Two issues prevented internode HT combine from completing on 2x8 H100:

1. Wrong prefix matrices passed to internode_combine. Combine runs in the
   reverse direction of dispatch, so it must consume the receiver-side
   matrices returned by dispatch (recv_rdma_channel_prefix_matrix,
   recv_rdma_rank_prefix_sum, recv_gbl_channel_prefix_matrix), not the
   sender-side rdma_channel_prefix_matrix / gbl_channel_prefix_matrix.
   This matches DeepEP's deep_ep/buffer.py::internode_combine handle
   unpacking. Without the fix the NVL forwarder's 'NVL check' timed out
   because token_start_idx/token_end_idx were computed against the wrong
   per-channel layout.

2. Cross-rank race between dispatch and combine. Even with the correct
   matrices, launching combine immediately after dispatch deadlocked the
   forwarder NVL check (tail stuck one short of expected_head) because
   peers still had in-flight dispatch proxy traffic while fast ranks had
   already started combine. A torch.cuda.synchronize() + dist.barrier()
   between the two calls makes the test pass deterministically on 16
   ranks (combine diff == 0, max|expected| up to 60.0).

The barrier in the test is a workaround; the real fix belongs in
Buffer::internode_dispatch / Buffer::internode_combine so the
dispatch->combine handoff fully fences outstanding proxy work across
ranks. Marked with an XXX comment in the test.
---
 test/python/ext/ep/test_internode_multirank.py | 18 +++++++++++++++---
 1 file changed, 15 insertions(+), 3 deletions(-)

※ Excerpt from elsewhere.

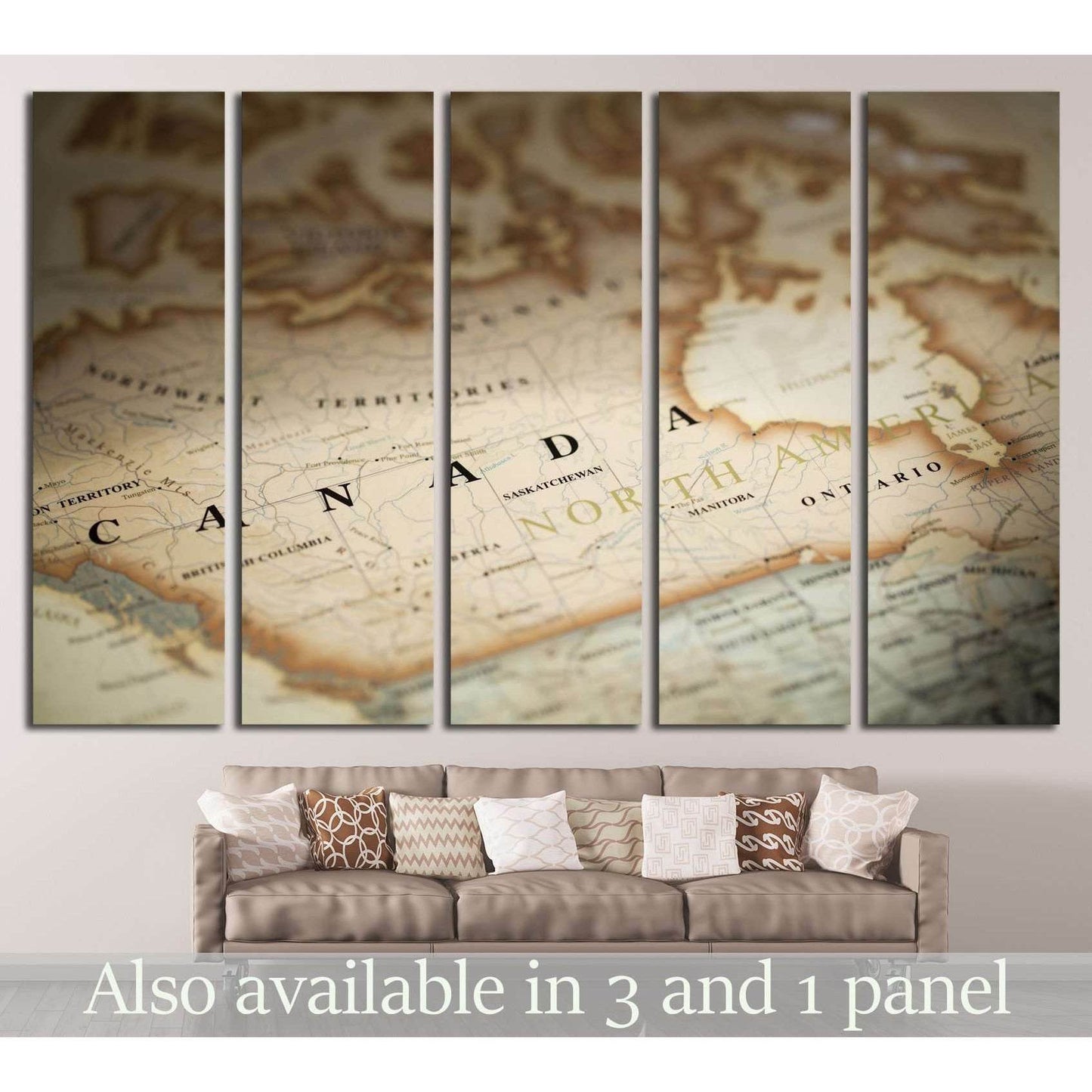 Magnifying Canada on map №2101 Ready to Hang Canvas PrintCanvas art arrives ready to hang, with hanging accessories included and no additional framing required. Every canvas print is hand-crafted, made on-demand at our workshop and expertly stretched arou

diff --git a/test/python/ext/ep/test_internode_multirank.py b/test/python/ext/ep/test_internode_multirank.py
index 9ac9639c..33971cf6 100644
--- a/test/python/ext/ep/test_internode_multirank.py
+++ b/test/python/ext/ep/test_internode_multirank.py
@@ -164,15 +164,28 @@ def main():
     if rank == 0:
         print(f"[dispatch] OK (recv {recv_x.size(0)} tokens)", flush=True)
 
+    # XXX: forcing a device+group sync here is currently required for combine
+    # to see consistent dispatch outputs. Without this both send_nvl_head and
+    # the various *_channel_prefix_matrix tensors can still be in flight on
+    # the comm stream when combine launches, producing a deadlock inside the
+    # combine forwarder (NVL check never advances). Investigate proper
+    # stream-dependency hand-off in Buffer::internode_dispatch.
+    torch.cuda.synchronize()
+    dist.barrier(group=group)
+
     # internode_combine signature:
     # (x, topk_weights,
     #  src_meta, is_combined_token_in_rank,
     #  rdma_channel_prefix_matrix, rdma_rank_prefix_sum, gbl_channel_prefix_matrix,
     #  combined_rdma_head, combined_nvl_head, config, previous_event, async, allocate_on_comm_stream)
+    # NOTE: combine goes in the reverse direction of dispatch, so the prefix
+    # matrices passed here must be the RECEIVER-side ones returned by dispatch
+    # (`recv_rdma_channel_prefix_matrix`, `recv_rdma_rank_prefix_sum`,
+    # `recv_gbl_channel_prefix_matrix`) — not the sender-side ones.
     combined_x, combined_topk_weights, _ = buf.runtime.internode_combine(
         recv_x, recv_topk_weights,
         recv_src_meta, is_token_in_rank,
-        rdma_channel_prefix_matrix, recv_rdma_rank_prefix_sum, gbl_channel_prefix_matrix,
+        recv_rdma_channel_prefix_matrix, recv_rdma_rank_prefix_sum, recv_gbl_channel_prefix_matrix,
         send_rdma_head, send_nvl_head,
         cfg, None, False, False,
     )
@@ -182,8 +195,7 @@ def main():
     got = combined_x.float().mean(dim=1)
     diff = (got - expected).abs().max().item()
     max_exp = expected.abs().max().item()
-    if rank == 0:
-        print(f"[combine] max|got-expected|={diff:.4e} max|expected|={max_exp:.4e}", flush=True)
+    print(f"[combine r{rank}] max|got-expected|={diff:.4e} max|expected|={max_exp:.4e}", flush=True)
     assert diff < 1e-2, f"rank{rank}: combine mismatch max diff {diff}"
 
     dist.barrier(group=group)